What is a metalens and what’s it good for?
A metalens is a cutting-edge optical lens that’s flat and lightweight, replacing traditional bulky curved lenses with a specially designed surface featuring nanoscale structure. Metalens can be used to improve optical system performance and dramatically reduce system size and weight.
A metalens is a single thin, flat structure. In many instances, a single metalens can deliver the same performance as multiple conventional optical components.
It includes multiple waveguides in the shape of pillars, approximately 600 nm long, made from various dielectric materials and arranged side by side (Figure 1). The flat planar structure means that all wavelengths of light pass through a metalens simultaneously, resulting in no chromatic aberrations and making them achromatic.
Figure 1. A metalens is a planar array of pillar-shaped waveguides. (Image: Ansys)
While the basic design is achromatic, metalenses can be produced with tunable dispersions and can manipulate how specific various wavelengths (colors) of light are dispersed. Traditional lens designs have fixed dispersions.
Fabricating metalenses
For near-infrared applications, metalenses are often fabricated using a silicon-on-glass substrate. Metalenses for visible wavelengths are primarily fabricated using dielectric materials, such as titanium dioxide (TiO2), gallium nitride (GaN), and silicon nitride (SiN), which have high refractive indices in the visible spectrum.
Metasurfaces can be mass-produced using mature CMOS fabrication nodes readily available in foundries, enabling the wafer-scale integration of metalens-based optical systems. A typical metalens consists of millions of subwavelength unit-cells, also called meta-atoms.
Those meta-atoms can delay the phase of light in a highly controlled and predictable manner, creating the same phase profile as a classic curved lens structure (Figure 2). Meta-atoms typically measure tens of nanometers. For example, metalens designs with SiN nano-posts on a fused silica substrate, and feature widths between 100 nm and 310 nm, can be used for applications in the visible to near-infrared (NIR) wavelength range.

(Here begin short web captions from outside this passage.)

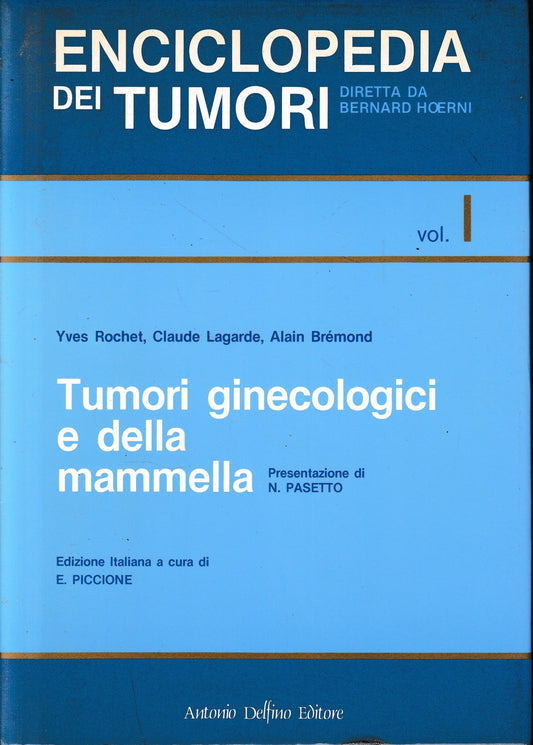 Enciclopedia dei tumori. Tumori ginecologici e della mammella (Vol. 1) - copertina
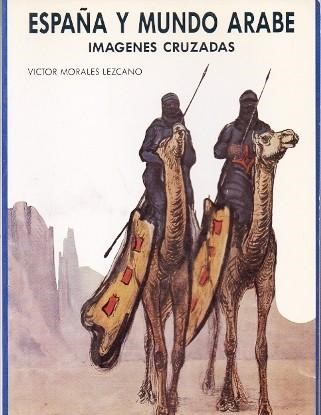 ESPAÑA Y MUNDO ARABE - IMÁGENES CRUZADAS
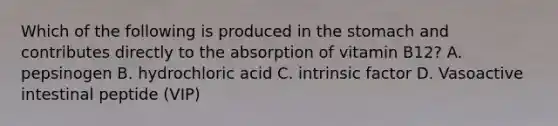 Which of the following is produced in <a href='https://www.questionai.com/knowledge/kLccSGjkt8-the-stomach' class='anchor-knowledge'>the stomach</a> and contributes directly to the absorption of vitamin B12? A. pepsinogen B. hydrochloric acid C. intrinsic factor D. Vasoactive intestinal peptide (VIP)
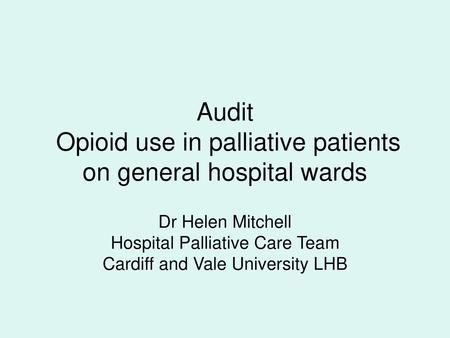 Audit Opioid use in palliative patients on general hospital wards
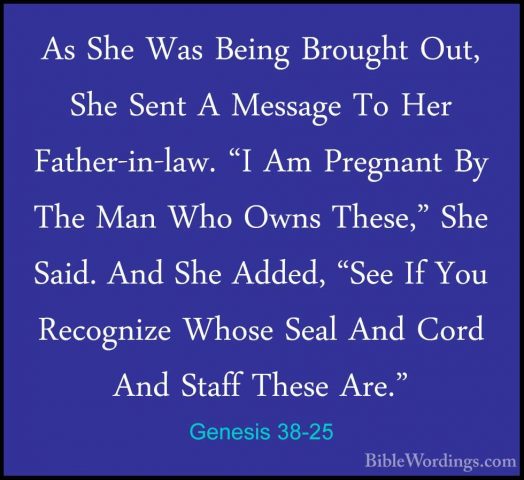 Genesis 38-25 - As She Was Being Brought Out, She Sent A MessageAs She Was Being Brought Out, She Sent A Message To Her Father-in-law. "I Am Pregnant By The Man Who Owns These," She Said. And She Added, "See If You Recognize Whose Seal And Cord And Staff These Are." 
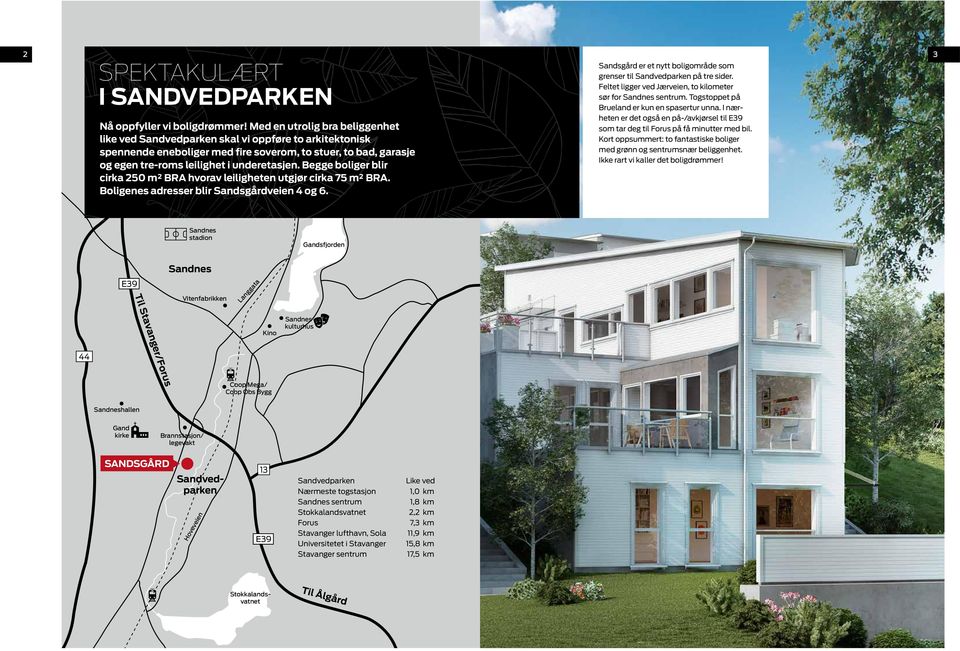 Begge boliger blir cirka 250 m² BRA hvorav leiligheten utgjør cirka 75 m² BRA. Boligenes adresser blir Sandsgårdveien 4 og 6.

Figure 2. Metalenses (right) can focus light just like a conventional optical element (left). (Image: Synopsys)
Numerical apertures are important
Metalenses have superior numerical apertures (NAs) compared with traditional lens designs. The NA of a lens describes its ability to collect light and resolve small details. It’s a dimensionless quantity and is critical in determining the performance of lenses, especially in microscopy.
A higher NA indicates better performance. A high NA lens can gather more light and produce a brighter image. A high NA also indicates the ability to distinguish between closely spaced objects and deliver highly detailed images.

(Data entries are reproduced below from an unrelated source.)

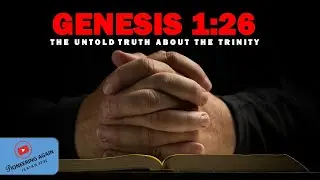 UNDERSTANDING GENESIS 1:26 - THE UNTOLD TRUTH ABOUT THE TRINITY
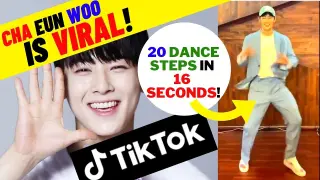 Cha Eun Woo is VIRAL NOW for Tiktok’s FAST DANCE Challenge!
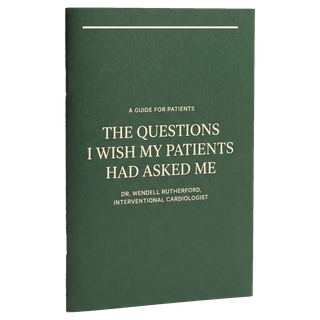 The Questions I Wish My Patients Had Asked Me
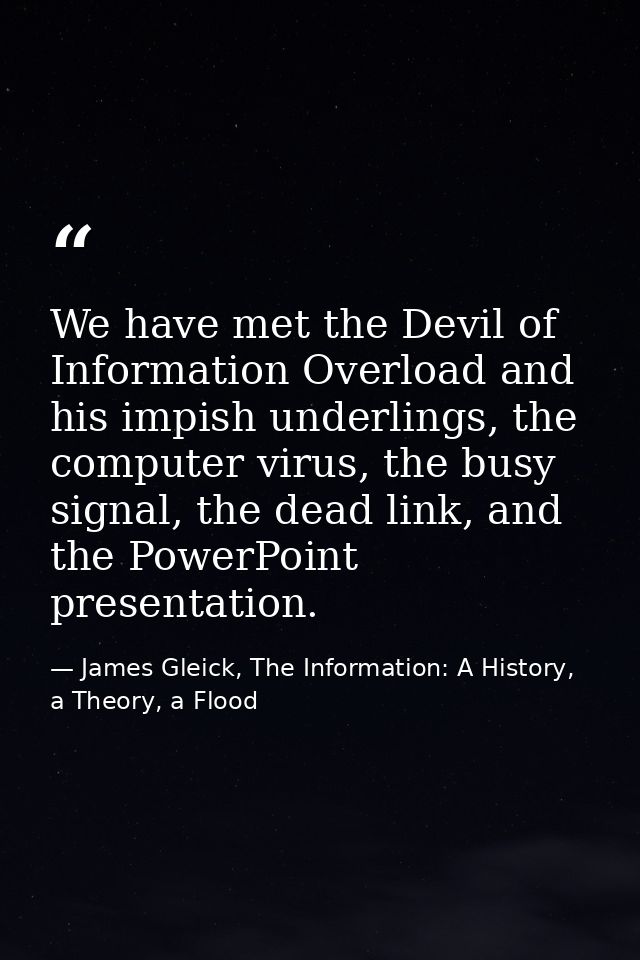 We have met the Devil of Information Overload and his impish underlings, the computer virus, the busy signal, the dead l — James Gleick, The Information: A History, a Theory, a Flood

To illustrate the importance of high NA, a study was done based on fluorescence correlation spectroscopy (FCS) of Alexa Fluor 647, a bright, far-red fluorescent dye commonly used in biological and chemical research for labeling molecules.
The performance comparison was done using a metalens with an NA of 0.6, two single-element aspheric lenses with NAs of 0.18 and 0.54, and a series of achromatic lenses with NAs from 0.15 to 1.2 (Figure 3). The aspheric lenses could not detect the dye samples, while the performance of the metalens was comparable to that of the much larger achromatic objective lenses.

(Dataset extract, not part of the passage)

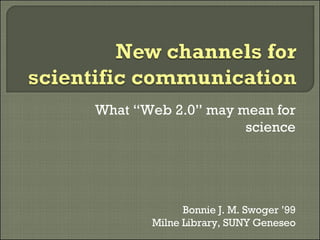 What “Web 2.0” may mean for science Bonnie J. M. Swoger ’99 Milne Library, SUNY Geneseo 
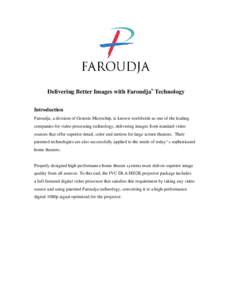 Delivering Better Images with Faroudja® Technology Introduction Faroudja, a division of Genesis Microchip, is known worldwide as one of the leading companies for video processing technology, delivering images from stand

Figure 3. A metalens with an NA of 0.6 is much smaller than aspheric or achromatic lenses (a), and the relatively small aspheric lenses had a brightness of zero and were not able to detect the dye molecules (b). (Image: nature communications)
Metalenses and VCSELs
The compact sizes and high performance of metalenses are being combined with vertical cavity surface-emitting lasers (VCSELs) to create more compact and versatile light sources. VCSELs are semiconductor lasers that emit light vertically from the surface of a wafer.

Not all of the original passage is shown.